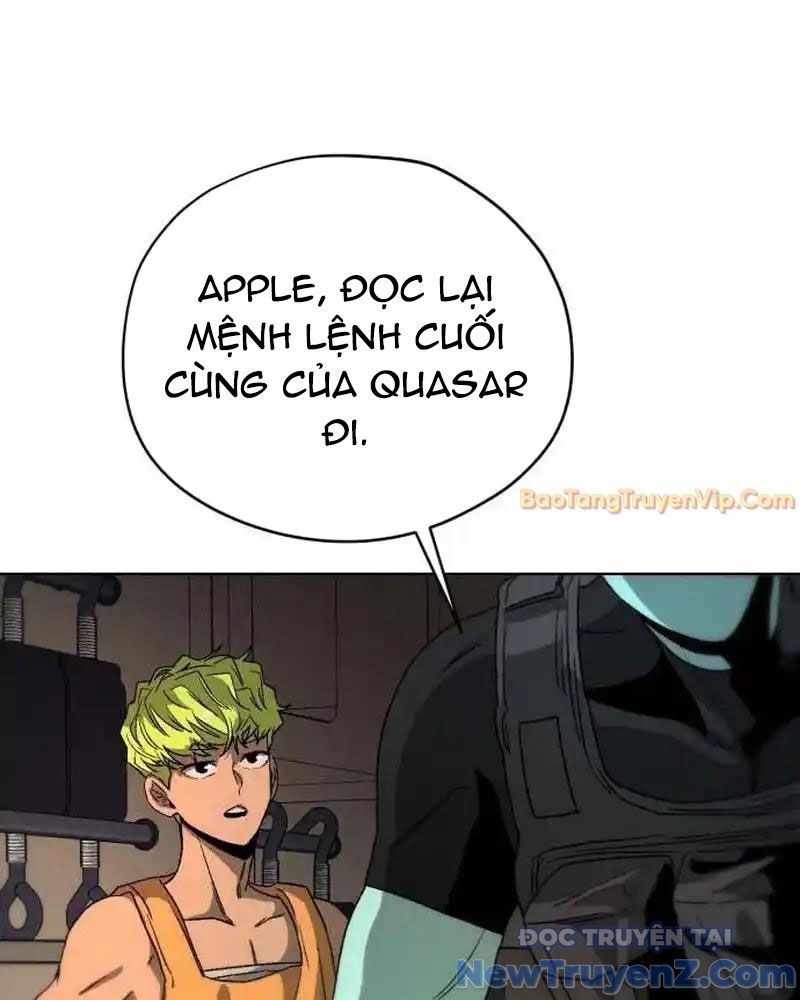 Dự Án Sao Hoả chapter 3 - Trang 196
--
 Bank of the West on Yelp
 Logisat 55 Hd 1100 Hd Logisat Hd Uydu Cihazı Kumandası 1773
...
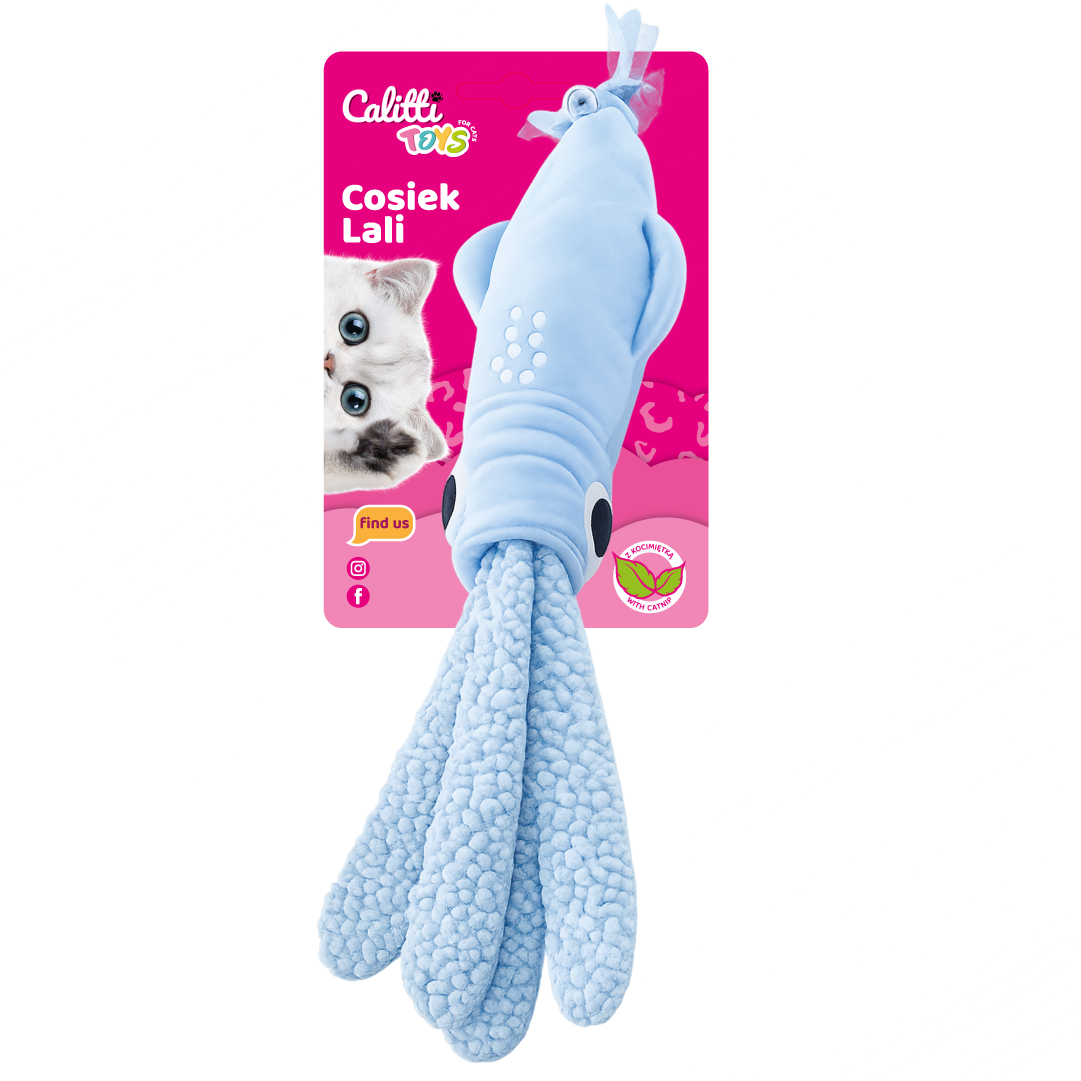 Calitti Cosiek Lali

§ **Task to carry out**
All lines above from the one containing "Bank of the West on Yelp" to the one containing "Logisat 55 Hd" must be repeated exactly, both lines included, and no others.

§ **Reply to the task**
 Bank of the West on Yelp
 Logisat 55 Hd 1100 Hd Logisat Hd Uydu Cihazı Kumandası 1773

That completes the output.